I attempted to put it in his terms. “If you had to sell a tractor in 300 words, which ones would you use?”
“Here’s my tractor, here’s how much it costs. Now buy it.”
Talk about economy. I’ve never seen an eleven word query letter before. Nor was I satisfied with his version, even though he was fundamentally right. Here’s my book, this is what it’s about. Now rep it. Please. Let us not forget the please.
I struggled some more. DH snatched up one version. “What’s wrong with this?”
Everything. Yet I couldn’t possibly explain the anxiety that went into perfecting those sparse paragraphs. They had to be PACKED with goodness to have an agent request the manuscript. They were all I had. I read him a slightly different version–one with four changed sentences.

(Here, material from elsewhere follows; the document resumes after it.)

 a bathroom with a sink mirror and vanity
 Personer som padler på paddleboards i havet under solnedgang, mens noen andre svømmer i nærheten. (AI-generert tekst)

“Oh, yeah. I like that one much better.”
And that’s when it dawned on me. I have IE-OCD. My Internal Editor knows full well that there is always a better version. It refuses to quit tinkering. It refuses to approve. It refuses to give me permission to take that next step. So I don’t. I read and reread. I compulsively change one or two words. I let my queries simmer. And I wait for my Internal Editor to tell me that I am finally done. That all is good.
This morning my DH gave my IE’s OCD a swift kick in the rear. With his golf club. “It’s just a five iron, Baby. You’re a hundred and eighty yards out.”
Now, I’m not obsessed with golf like he is, but I know he was telling me to relax and swing. To let it go.
I did. I hit send, fought the impulse to call my queries back and walked away. DH may not read often, but he’s got the real world figured out. And so I leave you with his words of encouragement:
“It’s just a five iron. You’re a hundred and eighty yards out.”
What’s the best advice you’ve gotten to kick your Internal Editor’s rear?